Get the grip, and a second battery if you don't have one already.

IS will use a fair amount of juice.


----------



## mycanonphotos (Oct 5, 2013)

Buy a 6D now... or a 5DII...uncork the power of that 70-200 man!!!..


----------



## wtlloyd (Oct 5, 2013)

Regarding the flash, you've got all the ETTL you need with one Canon flash - get some of these http://mpex.com/lumopro-lp180-quad-sync-manual-flash.html
and maybe some light modifiers/diffusers.

Go over to Strobist and prepare to be amazed.


----------



## Dylan777 (Oct 5, 2013)

thgmuffin said:


> Dylan777 said:
> 
> 
> > Get ready to sell your Tamron....24-70 II is slightly better
> ...



With focal lenght 24-70 and light weight of 24-70 II, I feel IS is not necessary when shoot @ 1/60 or faster. IS will benefit for video shooter or shutter speed 1/30 - slower.


----------



## TM (Oct 5, 2013)

Congrats, it is an amazing lens. I'd save the extra money and put it toward a new full frame camera.


----------



## privatebydesign (Oct 5, 2013)

wtlloyd said:


> Regarding the flash, you've got all the ETTL you need with one Canon flash - get some of these http://mpex.com/lumopro-lp180-quad-sync-manual-flash.html
> and maybe some light modifiers/diffusers.
> 
> Go over to Strobist and prepare to be amazed.



Having started down the RT road buying the LumoPro makes zero sense.


----------



## viggen61 (Oct 5, 2013)

silvestography said:


> Another option would be to save up for a while and get a body that will balance better with the lens and be a solid upgrade to my t3i overall. I've been considering the 70d, though in reality, it probably makes the most sense for me to simply go full frame.



Congrats on your new baby! One of these days, I hope my needs, desires, and wallet all line up so I can add one to my bag.

Regarding the "balance" of the 2.8 on your Rebel. The grip will help, and a bigger camera (like a 7D, 70D or FF, also with a grip) will help more, but at that weight, nothing really balances well. 

With a lens like this, you can't just hold the camera like you could with a smaller lens (both hands on the body). You really need to get used to shooting with your left hand supporting the lens, usually at the foot of the tripod ring. For a better "handle", get a Wimberley P-20 lens plate. It makes the foot of the tripod longer and a bit narrower, so it feels much better to hold for extended periods.

I use a gripped 7D with a 100-400 f/4.5-5.6L IS USM, essentially the same size and weight class as your 70-200 F/2.8 IS USM II. I gave up a long time ago on regular neck straps, and switched to a sling strap. This hangs the camera and lens down at my hip, and is supported by my shoulder, not my neck. I recently switched to an Acratech device that clamps onto the Wimberley plate on the tripod foot, making the lens/camera truly balanced as it hangs upside-down at my hip. 

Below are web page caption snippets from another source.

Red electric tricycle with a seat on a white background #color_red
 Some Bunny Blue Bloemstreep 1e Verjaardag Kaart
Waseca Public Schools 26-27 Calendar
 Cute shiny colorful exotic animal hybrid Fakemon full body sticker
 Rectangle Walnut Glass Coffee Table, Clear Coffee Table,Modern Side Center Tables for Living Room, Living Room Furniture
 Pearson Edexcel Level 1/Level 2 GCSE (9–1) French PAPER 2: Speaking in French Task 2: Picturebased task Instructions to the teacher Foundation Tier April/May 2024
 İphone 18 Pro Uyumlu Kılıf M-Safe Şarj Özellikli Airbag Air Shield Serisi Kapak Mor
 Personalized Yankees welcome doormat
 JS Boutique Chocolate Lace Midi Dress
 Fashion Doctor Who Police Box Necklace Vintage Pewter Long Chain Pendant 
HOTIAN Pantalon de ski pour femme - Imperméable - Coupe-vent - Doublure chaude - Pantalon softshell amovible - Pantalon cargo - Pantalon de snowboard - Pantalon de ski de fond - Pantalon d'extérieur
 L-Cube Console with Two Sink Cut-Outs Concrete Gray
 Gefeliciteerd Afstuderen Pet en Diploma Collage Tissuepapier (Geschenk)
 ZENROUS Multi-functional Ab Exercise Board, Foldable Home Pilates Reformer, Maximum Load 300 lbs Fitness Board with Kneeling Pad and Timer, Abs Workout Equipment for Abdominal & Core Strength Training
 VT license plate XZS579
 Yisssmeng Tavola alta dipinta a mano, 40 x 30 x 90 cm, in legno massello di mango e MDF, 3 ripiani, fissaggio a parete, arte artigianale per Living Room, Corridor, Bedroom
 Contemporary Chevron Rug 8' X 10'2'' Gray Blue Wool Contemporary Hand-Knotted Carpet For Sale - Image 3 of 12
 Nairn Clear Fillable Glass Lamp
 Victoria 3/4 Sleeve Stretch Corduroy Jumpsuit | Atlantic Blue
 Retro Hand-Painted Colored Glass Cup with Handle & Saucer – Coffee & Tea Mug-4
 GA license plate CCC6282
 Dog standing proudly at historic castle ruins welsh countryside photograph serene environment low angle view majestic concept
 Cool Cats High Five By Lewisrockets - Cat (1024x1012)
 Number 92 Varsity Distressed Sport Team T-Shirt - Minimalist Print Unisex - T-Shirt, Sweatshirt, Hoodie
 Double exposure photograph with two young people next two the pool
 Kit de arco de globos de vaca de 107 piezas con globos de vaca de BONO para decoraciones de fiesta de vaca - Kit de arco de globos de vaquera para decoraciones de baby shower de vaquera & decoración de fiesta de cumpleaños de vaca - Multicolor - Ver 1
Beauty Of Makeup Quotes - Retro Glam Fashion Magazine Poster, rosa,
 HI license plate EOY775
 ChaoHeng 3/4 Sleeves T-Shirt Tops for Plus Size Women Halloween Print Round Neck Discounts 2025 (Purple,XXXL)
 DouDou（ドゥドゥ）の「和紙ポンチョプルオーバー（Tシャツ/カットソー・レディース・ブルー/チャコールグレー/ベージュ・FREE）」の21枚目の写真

When lenses get this large, you hang the camera from the lens, not the other way around!

The sling allows the camera to quickly slide up the strap and to my eye. Several companies make them. Mine is a Black Rapid.

Enjoy your lens, and get out there & take pictures!


----------



## Click (Oct 5, 2013)

Congrats, it's a great lens. Enjoy!


----------



## wtlloyd (Oct 5, 2013)

your comment criticizes but lacks helpful content.

elucidate, oh wise sage....






privatebydesign said:


> wtlloyd said:
> 
> 
> > Regarding the flash, you've got all the ETTL you need with one Canon flash - get some of these http://mpex.com/lumopro-lp180-quad-sync-manual-flash.html
> ...


----------



## privatebydesign (Oct 6, 2013)

wtlloyd said:


> your comment criticizes but lacks helpful content.
> 
> elucidate, oh wise sage....
> 
> ...



My apologies Grasshopper, from my lofty mountain perch I sometimes forget that you see things from a blade of grass. 

But seriously, I wasn't criticising you, I just had a different opinion.

Here is why, whilst the 600EX-RT is a very capable on camera single flash with some nice new features even the 580EX II didn't have, like zoom to 200mm, custom adjustable spread patterns, etc etc, its real strength, and the reason it is a groundbreaking development in the on brand area of flash development, is the RT bit. Manufacturer radio is huge, currently the 600EX-RT can only talk radio to two other devices, the ST-E3-RT and another 600EX-RT, once you have bought into the RT system, in my opinion, it is worth every penny to get the full functionality out of it, a second 600EX-RT gives boundless options, functionality and features the LumpPro can't come close to delivering, which isn't surprising given the price difference.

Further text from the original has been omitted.